By 1960, Owens was full time on peanuts, throwing bags overhand like everyone else and catching the quarter tossed back in payment. His first behind-the-back attempt was born from necessity. People were standing in the aisle blocking his angle to a fan yelling for peanuts during a game in 1963, so he tried a creative way to get the bag around the onlookers and was struck by the crowd response. That offseason, he practiced tossing peanuts to the pillows on his couch, cultivating an arsenal of trick throws—behind the back, under the leg, two at a time, curve and knucklebag—that turned peanut pitching into an art form.

“Even I was surprised by my uncanny accuracy with the trick shots,” Owens says. “I was always a natural entertainer and took pride in knowing how to work the crowd. When I developed the under-the-leg toss and the splitter—two bags behind the back that would split in the air and go to different people—those were real crowd pleasers.”

A few vendors have tried to emulate his flair, but one errant throw hits someone in the head and they decide to keep their jobs by never attempting that again. “We have no idea how he’s able to do the throws he’s developed,” says Jeffrey Rose, a 20-year vendor whose father, Morton, is second to Owens with more than 4,900 events. “He makes it look easy, but no one has been able to duplicate them.”

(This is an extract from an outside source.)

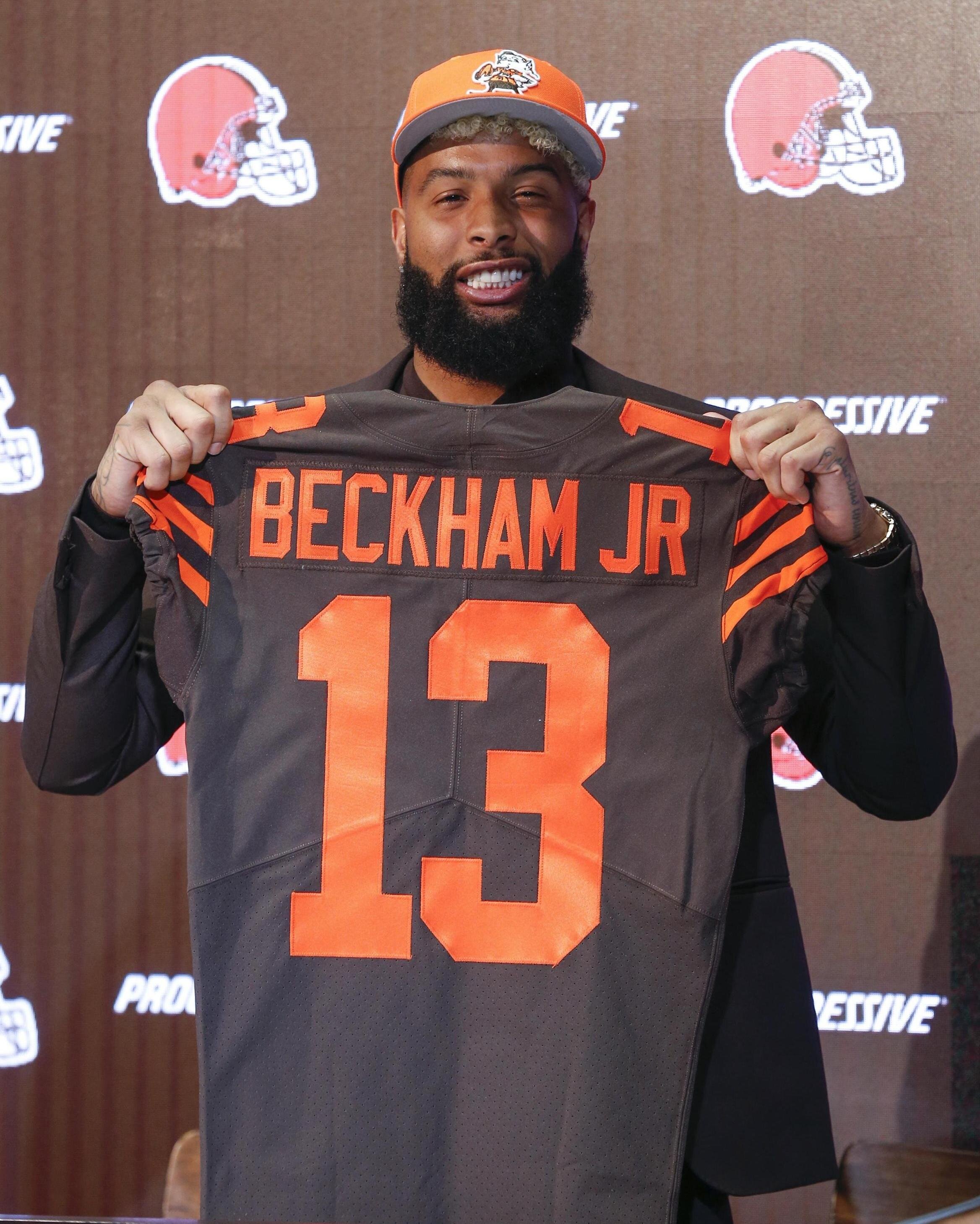 odell beckham jr in a browns jersey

Buy a bag of peanuts and you become part of the action. You stand up, and everyone in the vicinity takes their eyes off the game on the field to see how Owens is going to get you those goobers. While he wows fans with his arm, he charms them with his warmth. Weaving his way up and down the aisles, he stops to socialize every few rows with people who feel like they know him. And they do. The $6.25 not only gets you a salty snack, but also a joke from his encyclopedic memory of endearingly corny cracks (“Where does the Easter Bunny eat breakfast? IHOP.”). His first marriage and most of his job opportunities—as a salesman for a freight shipping company, or entertaining at private parties, corporate events, birthday celebrations and bar mitzvahs (including mine)—have come from people approaching him in the stands.

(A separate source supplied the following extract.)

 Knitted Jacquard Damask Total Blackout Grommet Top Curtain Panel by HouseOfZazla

“It’s a young man’s job, but after 60 years I’m still loving it,” he says. “You see a kid catch peanuts, his face lights up and you really make his day.”

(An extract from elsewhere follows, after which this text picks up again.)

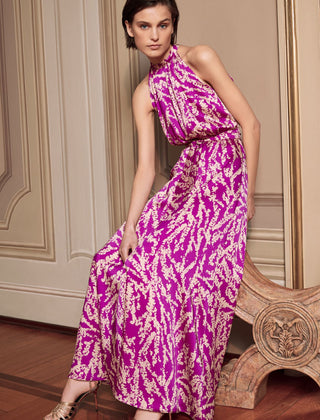 Marella Evelin Abstract-Pint Sleeveless Halter Maxi Dress Purple/Cream Women's 4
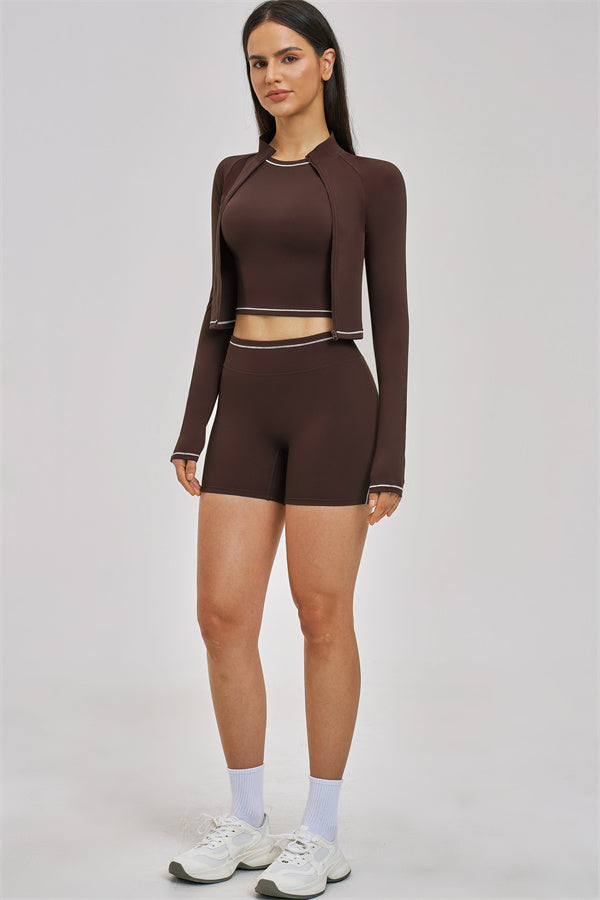 Conjunto de 3 piezas de chaqueta, top corto y pantalón corto Unbound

His fame extended past the confines of Chavez Ravine in 1976, when he appeared on The Tonight Show with Johnny Carson. After an interview at the desk, Carson and Owens strapped on vending boxes and took to the crowd, where Carson’s attempt to go between the legs led to a classic comedic moment involving crushed nuts. Owens was later immortalized as the peasant peanut vendor at an archery contest in Mel Brook’s 1993 film Robin Hood: Men in Tights.

“I’m always thrilled when I have the opportunity to be on television or in a movie,” Owens says. “I really had a lot of fun playing off of Johnny. He was generous in making me look good, and I’ve never laughed so hard. The segment even made it on the video Carson’s Comedy Classics.”

Roger Owens on The Tonight Show
Frank Carroll/NBC/NBCU Photo Bank

After seeing him on The Tonight Show, Cowboys management flew him to Dallas to do a Monday Night Football game. With a helper supplied to refill his vendor box so he never had to leave the stands, Owens sold 2,400 bags of peanuts in one night. The most he has ever sold at a Dodgers game is 1,000. He also was invited to Japan to help promote the Japanese Baseball World Series.

In 1981, Owens was invited to the Smithsonian Institution in Washington, D.C., for a Fourth of July celebration themed around baseball, where he was clocked throwing a bag of peanuts over 60 miles per hour and accomplished his most impressive feat—air mailing bags behind his back to arrive all at once in the waiting arms of a family of four. His photo is displayed in an exhibit on stadium vendors at the National Baseball Hall of Fame and Museum in Cooperstown, N.Y.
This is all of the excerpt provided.